I STOP Law Requirement
The “duty to consult” the NYS Prescription Monitoring Program (PMP) database went into effect on Tuesday, August 27, 2013 for all prescribers who prescribe Schedules II, III, IV drugs for patients.
It is vitally important that physicians establish and maintain a health commerce system (HCS) account in order to access the PMP. To obtain an account please go to the New York State website here.
Click here for step by step instructions on how physicians and their staff can sign up for a HCS account. The process to obtain an HCS account takes about two weeks.
Once an HCS account has been secured, physicians can look up patients under the PMP. To access the PMP Registry, go to the Health Commerce System at https://commerce.health.state.ny.us and log into the system with your user ID and password. (If you can’t remember your password, call the Commerce Account Management Unit at 1-866-529-1890; Option 1 for assistance).

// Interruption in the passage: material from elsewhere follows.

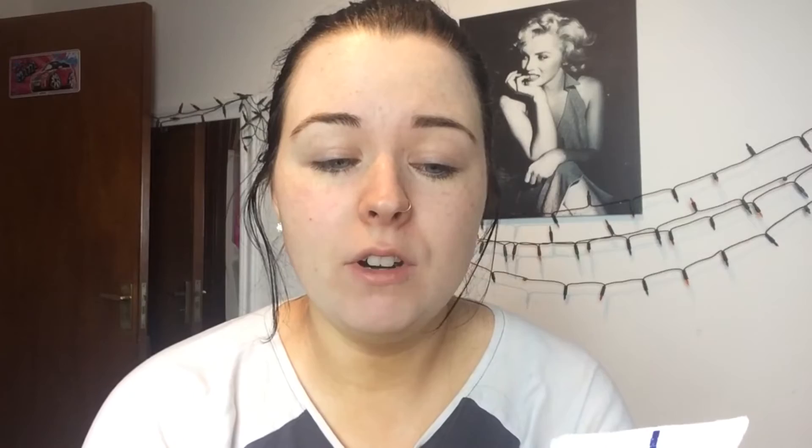The moisturiser that I'm actually using at the moment and have been for quite some while — there is actually a review on it on my blog at www.glitter10andheals.com, it's a few months back. I have extremely dry skin, it's very flaky, I'm prone to eczema and psoriasis. This one has literally saved my life. It's the moisturising soft cream for face, body and head. I get a tiny little amount on the back of my hand — literally that amount.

Additional instructions for accessing the PMP can be found here.
Physicians can designate office staff to look up patients but the designee must also have a HCS account. Once the designee has an HCS account, the physician will need to designate them in the PMP. Physicians will need to log onto the PMP and click on the blue tab that says designate. Physicians then can list the names of their designees. Physicians and staff are also encouraged to go the NYS DOH Bureau of Narcotic Enforcement’s website for additional information:
Exceptions to the duty to consult are provided to the following:
- Practitioners dispensing methadone or other such controlled substance, as designated by the commissioner as appropriate for such use, for an addict as interim treatment for an addict on a waiting list for admission to an authorized maintenance program;
- Controlled substances being administered in the prescriber’s office;
- Prescribing or ordering a controlled substance for use within an institution (hospital or clinic);
- Prescriptions written in an emergency room setting and is for no more than a five day supply of medication;
- Prescription written for a hospice patient;
- Not reasonably possible to access the registry in a timely manner, where there is no other practitioner or designee reasonably available to access the database, and supply is limited to 5 days;
- Where consultation of the registry would result in a patient’s inability to obtain a prescription in a timely manner, thereby adversely impacting the patient’s medical condition;
- Practitioner who has been granted a waiver by Health Commissioner; and
- Where the registry is not operational or cannot be accessed due to a temporary technological or electrical failure.